We only allow our cloud consumers to view their accounts from the console. We're pretty strict about enforcing the use of infrastructure as code through Terraform modules and integration we built into Meta's main CI/CD system. Terraform code allows the same peer review processes as all other code going into our mono repository. We're making progress towards real continuous deployment of Terraform code, and several of our large scale systems call Terraform apply every two hours.

We use service gating on production accounts to ensure we've got internal support for new or complex AWS services before letting our customers go wild. When teams just need to experiment, we offer short-lived sandbox accounts which we automatically isolate at the two week mark. We also offer Meta Instance, which is a nicely prepackaged AMI that carries all the software necessary to connect back into Meta services, providing things like identity, logging, metrics, and service registration right out of the box for free.

Robust encryption controls are a key factor in building our confidence in moving workloads to the cloud. I won't go into too much detail here, but it's important to know that these exist within our infrastructure and are critical in enabling rapid build-out of our cloud capacity. Our internal public key infrastructure includes multiple root CAs and a cloud specific CA so we can track where certificates are used and prevent them from passing between infrastructure boundaries.

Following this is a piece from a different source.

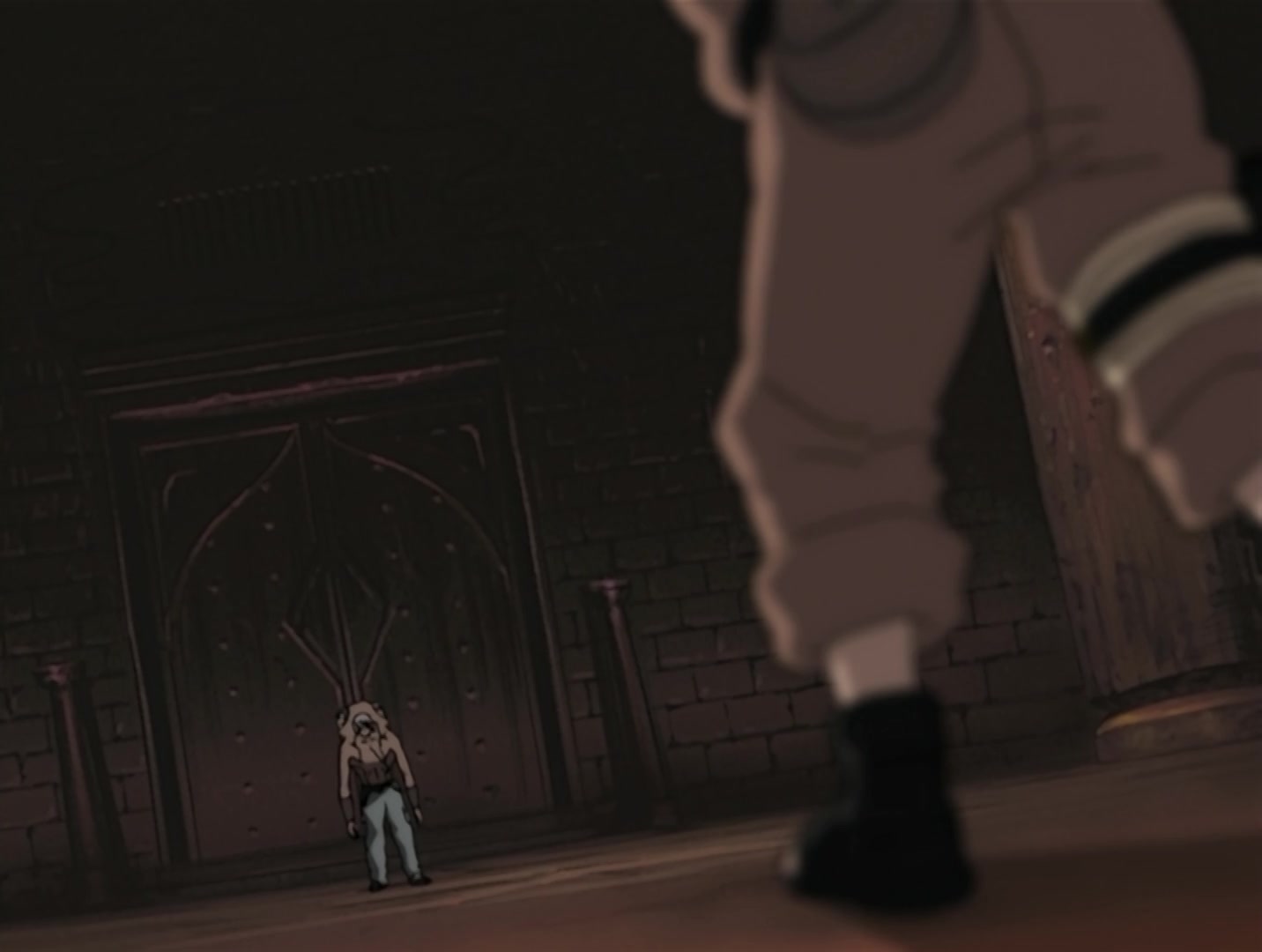 Naruto Ep 141: Sakura's Determination @ 02:19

We use EC2 instance attestation to generate X.509 machine certificates that allow us to trust the hardware and operating system environments. By regularly regenerating these certificates, we can tell if anything changed on the hardware or firmware. We secure all connections with mutual TLS, ensuring both ends of the connection are verified and helping to mitigate man in the middle attacks. Our Direct Connect links are encrypted using MACsec at layer two.

Case Study: Building Secure AI Clusters on AWS with GPU, Storage, and Network Firewall Architecture

With the building blocks covered, let's dive into our case study of building a secure AI cluster on AWS. There are several unique challenges with AI clusters due to the GPU scarcity and the large volumes of data transfer needed to run some of these mega-scale clusters. We also don't need the same level of resiliency and availability that come from serving online production traffic. It's a bit of an all or nothing situation here. Is there any point in having a data store available when the GPUs that are paired with it have gone offline? I don't think so.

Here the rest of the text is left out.